» **ACTIVITY**
The data below holds the lines to copy: everything from the line containing "Dodge Caravan Sxt" to the line containing "Vidya Residency Hotel Thrissur ภายนอก รูปภาพ", both ends included, set down exactly.

» **DATASET**

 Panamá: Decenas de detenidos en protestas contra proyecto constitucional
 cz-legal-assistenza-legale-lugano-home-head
* * *
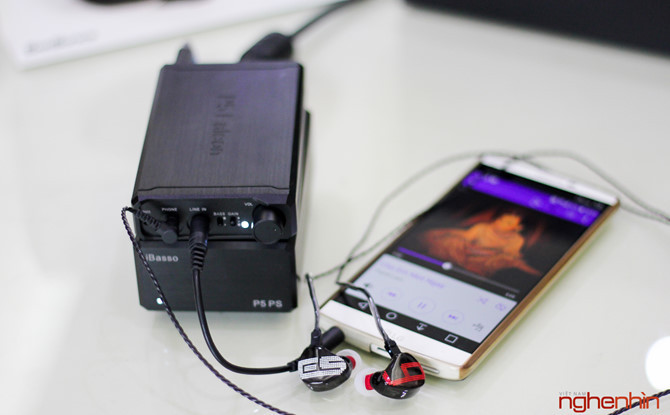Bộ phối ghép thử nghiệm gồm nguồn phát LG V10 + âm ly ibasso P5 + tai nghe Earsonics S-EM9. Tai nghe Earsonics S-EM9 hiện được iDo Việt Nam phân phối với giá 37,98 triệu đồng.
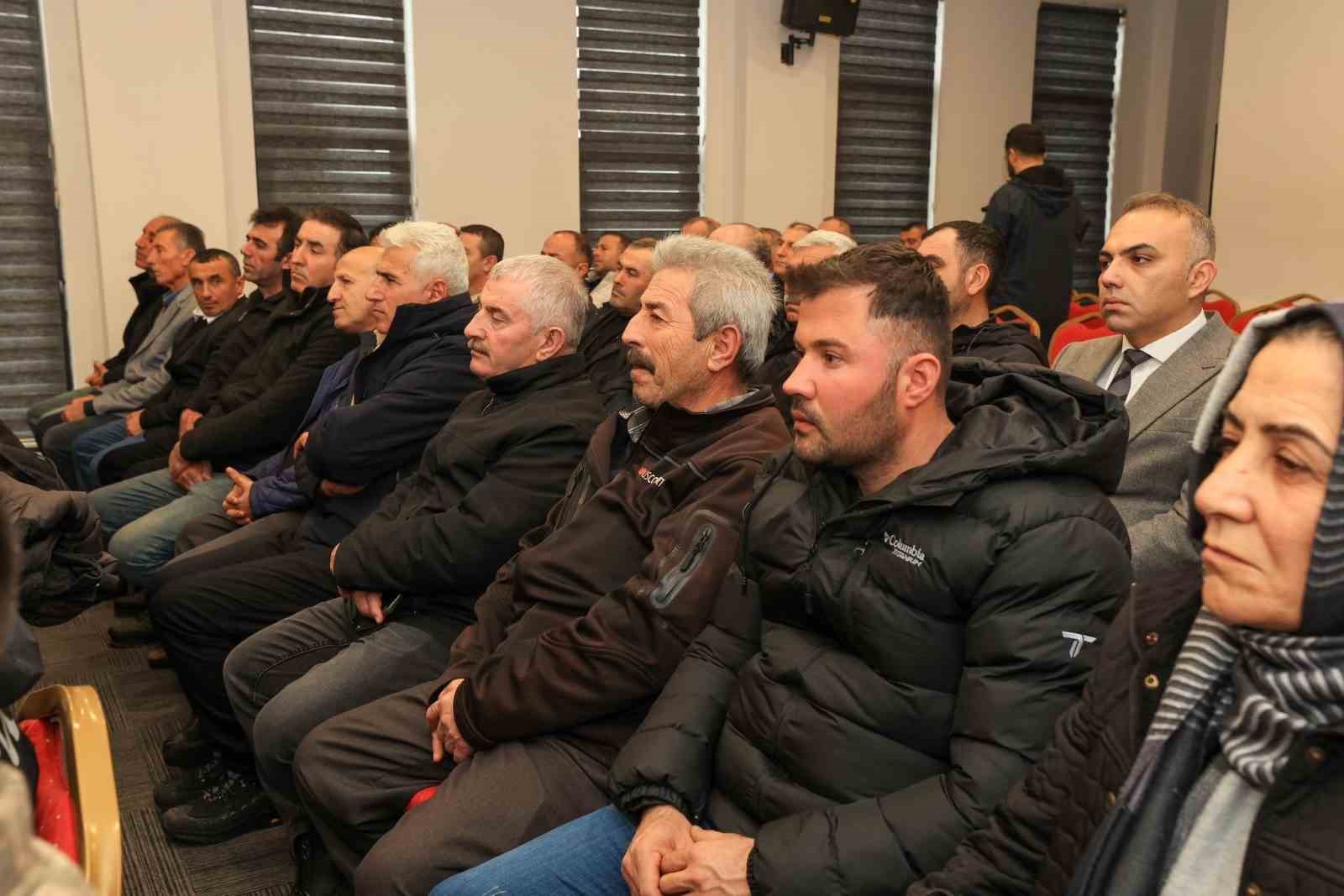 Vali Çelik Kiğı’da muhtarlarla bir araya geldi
--
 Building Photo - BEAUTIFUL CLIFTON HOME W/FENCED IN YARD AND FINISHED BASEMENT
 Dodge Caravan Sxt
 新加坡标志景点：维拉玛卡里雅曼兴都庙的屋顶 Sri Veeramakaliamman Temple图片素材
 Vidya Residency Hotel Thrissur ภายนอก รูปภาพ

» **SOLUTION FOR THIS TASK**
 Dodge Caravan Sxt
 新加坡标志景点：维拉玛卡里雅曼兴都庙的屋顶 Sri Veeramakaliamman Temple图片素材
 Vidya Residency Hotel Thrissur ภายนอก รูปภาพ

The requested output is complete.